In un imprecisato ‘medioevo’ barbarico, un guerriero dalla forza disumana, ma orbo e muto, viene tenuto prigioniero da uomini spietati che lo fanno combattere in sanguinari duelli a pagamento. Quando finalmente riesce a liberarsi, OneEye stermina ferocemente i suoi persecutori e fugge verso la libertà. Sulla sua strada incontra una nave di Vichinghi, che lo convincono ad imbarcarsi con loro per Gerusalemme. Ma, complice una nebbia misteriosa, la nave li conduce su tutt’altra spiaggia, dove ognuno compirà finalmente il suo destino. Evidentemente anche il genio funziona a corrente alternata. È l’unico modo per spiegare come, prima di un capolavoro come Drive (USA, 2011), Refn abbia scritto un film come questo. Prima di tutto, noioso in modo mortale e quasi assolutamente indecifrabile. Se già nella prima parte spesso ci mancano gli elementi per spiegare gli eventi, dal momento dello sbarco ogni ‘logica’ viene abbandonata.
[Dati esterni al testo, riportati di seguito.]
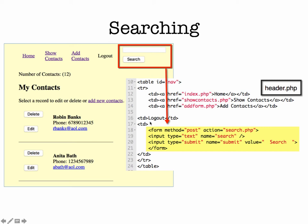We have it set up as a form and the action is search, so it's going to send the information from our search text box to search.php. So we'll be setting up search.php to find the results.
La comprensione viene affidata ad un’intuizione che dovrebbe, si suppone, derivare dall’impianto eroico-misticoide del film, ma che, essendo appunto il film una ciofeca fallita, manca anch’essa. Perché OneEye tenta di costruire una specie di totem di pietre, che prima non gli riesce e poi invece sì? Perché l’amico del capo vikingo si ripresenta coperto di terra rossa come un ‘selvaggio’, ma senza dire una parola? Perché OneEye si lascia ammazzare? Eccetera. Forse dovrebbero fungere da suggerimento gli espedienti fotografici: improvvisi e balenanti viraggi in rosso (perché?!) e sotto o sovraesposizioni (perché?!), che, lungi dal dare ‘sostanza’ alla storia, la rendono ancor più vuota e improbabile. Nessuno osi, su questo piano, un parallelo col bellissimo 300, il capolavoro di Z. Snyder (USA, 2006). Piuttosto, la mente corre, purtroppo, a quella colossale boiata di Pathfinder (M. Nispel, USA, 2007) In compenso non manca un’inutile antologia di splatter – schizzi, budella e crani scoperchiati – e neppure un’inquadratura, quella del capo vikingo contro il sole nascente, la quale, oltre che incomprensibile come tutto il resto, induce allo sghignazzo per la sua ingenua derivazione New Age. Un film da dimenticare, per il bene di Refn.